=== WHAT YOU HAVE TO DO ===
From the line containing "Coordinate measuring machines" down to the last line of the entries, print each line exactly and leave the pictures out.

=== RECORDS SHOWN ===
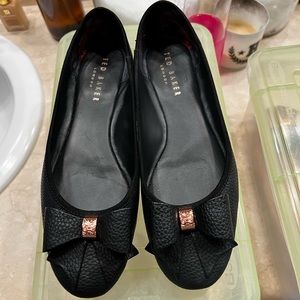 Ted Baker Bow Flats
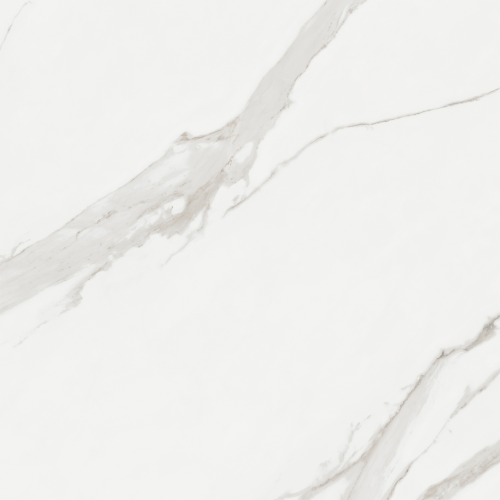 Керамогранит Kerranova K-2021/MR Butik White 60x60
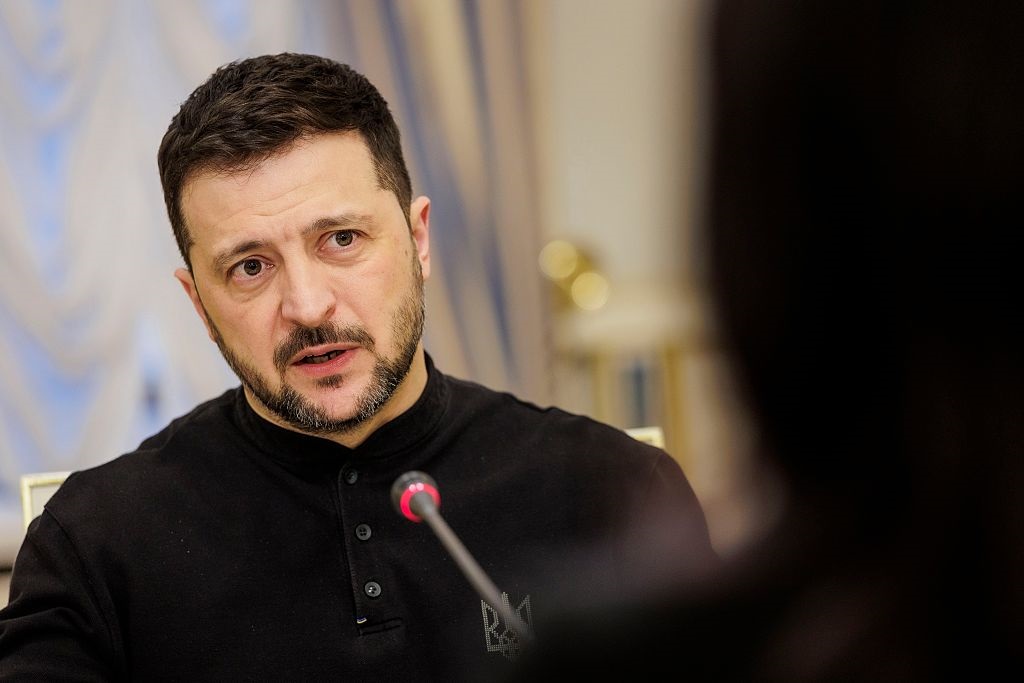 Новини України - У Туреччині зустрілася Коаліція охочих - президент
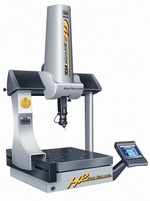 Coordinate measuring machines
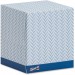 Genuine Joe 26085PL Cube Box Facial Tissue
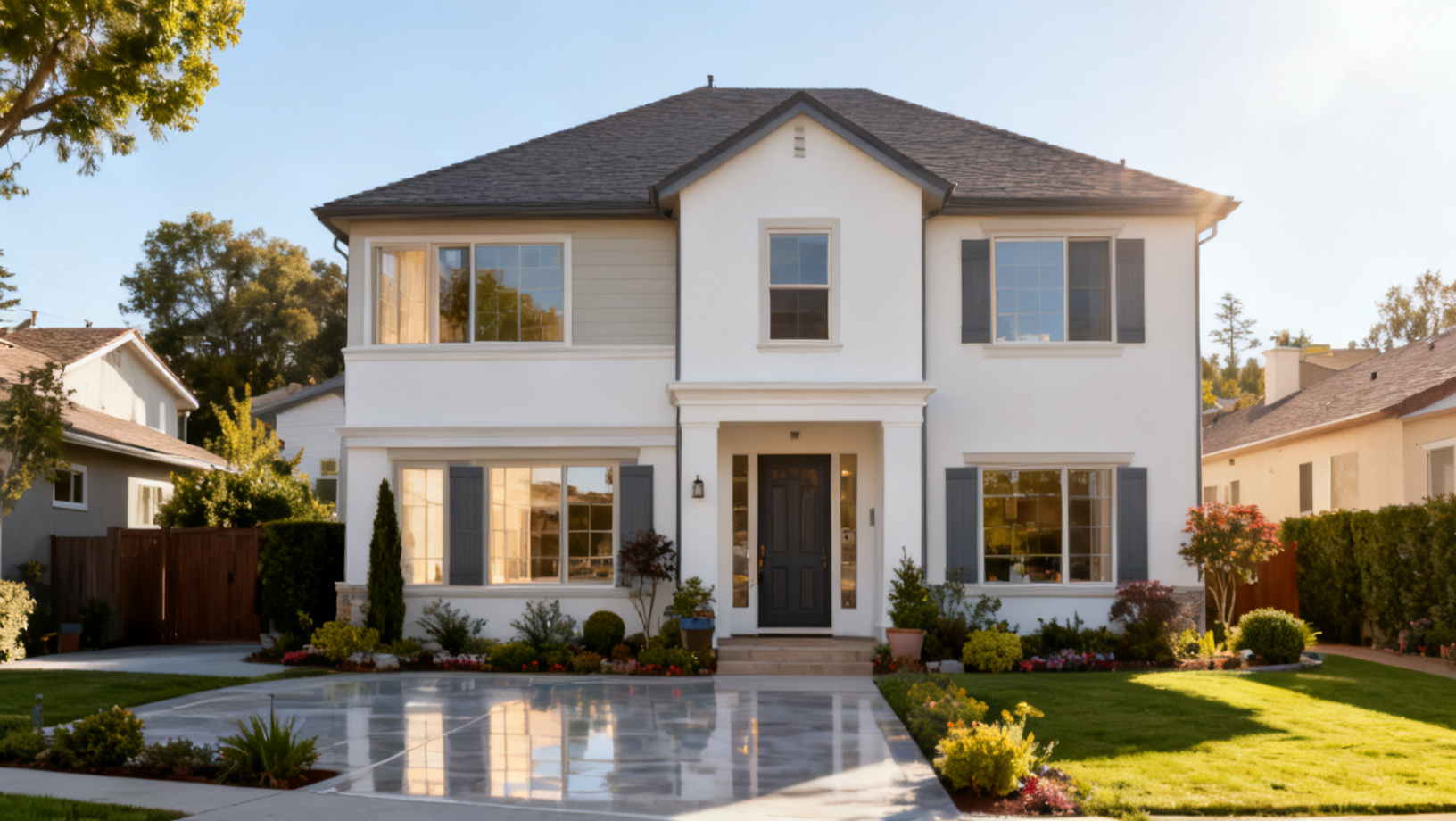 Fairfield CA Home Sellers: Attract More Qualified Buyers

=== SOLUTION FOR THIS EXERCISE ===
 Coordinate measuring machines
 Genuine Joe 26085PL Cube Box Facial Tissue
 Fairfield CA Home Sellers: Attract More Qualified Buyers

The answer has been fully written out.